New research from the Institution of Surveyors NSW Inc  (ISNSW) has revealed the unpopularity of the NSW Government’s move to privatise the land titles registry.

The exclusive poll of 1,000 homeowners aged between 25 to 65 years and above, revealed that over 70 per cent were unaware of the NSW Government’s intentions to sell off the NSW Land and Property Information (LPI).

Over 80 per cent of respondents have called upon the NSW Government to scrap its decision to handover the self-funded world-class registry which made $130 million in profit in 2015-16, to the hands of private corporations. A resoundingly minute 6 per cent of respondents back the controversial move.

Chasing a short term gain at the cost of long stable revenue seems synonymous with the government.” – Michael Green

According to the Institution of Surveyors NSW, the public’s unawareness of the issue is a reflection that the current system is efficient and meets the needs of the public. President of the Institution of Surveyors NSW, Michael Green, explained that the important role of LPI has gone unnoticed for good reason.

“When a statute works well and has an efficient framework, it falls away from the public spotlight and into the periphery,” Mr Green said. “In fact, the only time we are aware of the importance of the structures which hold our society together is when they stop functioning properly, when they fall into disarray or fail our needs.”

“In this same way, the land title asset framework was in the peripheral, and is now in the public spotlight. Not from failure or a lack of functionality, but rather because the NSW Government is trying to sell it, to make quick money.”

Be a good sport

Led by newly appointed NSW Premier, Gladys Berejiklian, the NSW Government plans to sell LPI under a 35-year contract for an estimated $2 billion which will be used to build and renovate two Sydney sporting stadiums. This research shows 84 percent of respondents believe this is not the right decision.

“Putting a fundamental public service up for sale to simply develop a sporting venue demonstrates how little respect the Government has to the rule of law.  Chasing a short term gain at the cost of long stable revenue seems synonymous with the government,” said Green.

Risky business

The poll found that majority of respondents listed the risk of error and fraud with land titles information (36%) as the top reason for concern associated with privatisation. This is followed by knowledge of personal information in the hands of private corporations (28%) and hike in housing prices (24%).
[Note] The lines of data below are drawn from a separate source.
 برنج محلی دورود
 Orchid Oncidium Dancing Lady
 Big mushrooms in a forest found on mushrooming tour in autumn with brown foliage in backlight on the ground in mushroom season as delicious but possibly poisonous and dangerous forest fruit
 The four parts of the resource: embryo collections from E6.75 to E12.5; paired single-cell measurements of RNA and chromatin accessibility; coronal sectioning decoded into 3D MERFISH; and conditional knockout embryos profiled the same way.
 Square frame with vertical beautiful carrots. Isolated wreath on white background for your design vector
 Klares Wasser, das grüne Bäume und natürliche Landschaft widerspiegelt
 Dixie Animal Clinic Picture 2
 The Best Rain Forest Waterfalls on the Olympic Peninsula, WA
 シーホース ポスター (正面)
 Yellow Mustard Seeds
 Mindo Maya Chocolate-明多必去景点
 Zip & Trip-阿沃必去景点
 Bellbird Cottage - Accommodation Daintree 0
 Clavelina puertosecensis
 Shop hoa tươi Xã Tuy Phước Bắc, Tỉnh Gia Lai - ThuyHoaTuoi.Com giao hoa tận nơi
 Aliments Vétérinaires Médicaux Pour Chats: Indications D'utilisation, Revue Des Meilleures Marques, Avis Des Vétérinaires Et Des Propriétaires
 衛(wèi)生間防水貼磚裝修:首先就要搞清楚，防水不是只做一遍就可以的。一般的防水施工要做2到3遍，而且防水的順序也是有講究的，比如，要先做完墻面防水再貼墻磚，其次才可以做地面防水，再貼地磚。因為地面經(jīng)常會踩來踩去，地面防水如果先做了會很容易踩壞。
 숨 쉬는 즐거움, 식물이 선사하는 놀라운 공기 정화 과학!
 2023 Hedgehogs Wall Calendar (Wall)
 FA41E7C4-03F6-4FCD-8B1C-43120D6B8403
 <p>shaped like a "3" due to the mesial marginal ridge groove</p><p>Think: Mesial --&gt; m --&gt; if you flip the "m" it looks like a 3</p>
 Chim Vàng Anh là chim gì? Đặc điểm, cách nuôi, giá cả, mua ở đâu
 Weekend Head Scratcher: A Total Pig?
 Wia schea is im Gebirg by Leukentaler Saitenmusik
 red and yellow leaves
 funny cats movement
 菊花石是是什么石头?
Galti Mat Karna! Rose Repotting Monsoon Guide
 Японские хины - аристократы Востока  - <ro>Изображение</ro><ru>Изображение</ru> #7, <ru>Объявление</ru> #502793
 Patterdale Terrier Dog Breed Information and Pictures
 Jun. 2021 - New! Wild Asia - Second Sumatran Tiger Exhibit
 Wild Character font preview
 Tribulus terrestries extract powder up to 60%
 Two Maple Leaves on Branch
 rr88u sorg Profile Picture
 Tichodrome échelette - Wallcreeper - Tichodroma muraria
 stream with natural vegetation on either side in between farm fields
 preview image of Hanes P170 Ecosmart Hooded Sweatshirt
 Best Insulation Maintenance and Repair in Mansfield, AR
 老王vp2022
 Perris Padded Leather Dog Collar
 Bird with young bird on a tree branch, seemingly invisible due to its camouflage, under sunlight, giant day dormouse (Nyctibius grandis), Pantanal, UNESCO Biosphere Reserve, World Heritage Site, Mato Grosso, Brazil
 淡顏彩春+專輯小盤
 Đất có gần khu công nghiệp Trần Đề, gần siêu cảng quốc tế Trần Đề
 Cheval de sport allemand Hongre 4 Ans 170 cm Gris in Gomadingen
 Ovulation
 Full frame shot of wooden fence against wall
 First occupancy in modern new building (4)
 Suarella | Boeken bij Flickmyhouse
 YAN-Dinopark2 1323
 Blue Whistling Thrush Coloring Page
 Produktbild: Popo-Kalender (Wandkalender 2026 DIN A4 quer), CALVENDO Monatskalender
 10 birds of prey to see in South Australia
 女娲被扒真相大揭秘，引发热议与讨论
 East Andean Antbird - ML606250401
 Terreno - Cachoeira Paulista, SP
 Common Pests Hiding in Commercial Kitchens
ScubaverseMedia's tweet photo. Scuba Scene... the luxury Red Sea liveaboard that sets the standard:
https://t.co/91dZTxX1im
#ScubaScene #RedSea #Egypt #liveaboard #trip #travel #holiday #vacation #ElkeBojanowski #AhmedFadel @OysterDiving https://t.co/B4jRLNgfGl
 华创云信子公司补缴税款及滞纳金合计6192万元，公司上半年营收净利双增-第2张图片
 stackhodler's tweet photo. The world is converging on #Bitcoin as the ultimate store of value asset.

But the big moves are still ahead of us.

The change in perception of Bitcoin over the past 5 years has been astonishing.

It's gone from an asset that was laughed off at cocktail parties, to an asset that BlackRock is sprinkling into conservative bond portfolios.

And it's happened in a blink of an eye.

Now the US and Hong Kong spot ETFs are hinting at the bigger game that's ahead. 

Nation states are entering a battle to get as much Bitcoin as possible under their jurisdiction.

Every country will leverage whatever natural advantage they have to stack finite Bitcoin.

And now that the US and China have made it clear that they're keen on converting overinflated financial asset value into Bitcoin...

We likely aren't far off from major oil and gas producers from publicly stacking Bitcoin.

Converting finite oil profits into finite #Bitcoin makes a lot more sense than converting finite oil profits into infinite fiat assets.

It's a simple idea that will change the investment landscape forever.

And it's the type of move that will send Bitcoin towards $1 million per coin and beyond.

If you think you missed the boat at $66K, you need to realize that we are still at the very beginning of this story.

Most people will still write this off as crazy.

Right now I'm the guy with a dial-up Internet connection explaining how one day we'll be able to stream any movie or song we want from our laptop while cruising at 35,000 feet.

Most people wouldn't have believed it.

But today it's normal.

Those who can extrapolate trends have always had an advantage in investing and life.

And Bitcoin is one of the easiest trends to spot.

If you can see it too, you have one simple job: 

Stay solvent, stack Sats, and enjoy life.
Unlike other arms of government that fall under scrutiny, the land title registry is the widely unknown backbone of one of the most important areas of life, land ownership. The registry is both comprehensive and effective in making sure that ‘what you buy is what you get’ when it comes to selling or buying property in NSW.

“The system is effective and it is also profitable. Why then would we sell a self-funded entity, which until now, has been confidently and proficiently governing land registration? All because the NSW government wants to boost its funds,” said Mr Green.

Added housing pressure

As house prices across the state continue to rise and push home ownership out of reach for many, the NSW government is set to make it even tougher.

The move could see struggling homeowners and first time buyers pay an extra $900 to move home, buy land or change titles through increased fees from new private operators.

“With housing affordability among her three key priorities, alongside local infrastructure and a strong economy, we urge Premier Gladys Berejiklian to reconsider selling the land titles registry, an asset that underpins our Australian economy. This short term opportunism in exchange for long term stability will come at the expense of Australians.”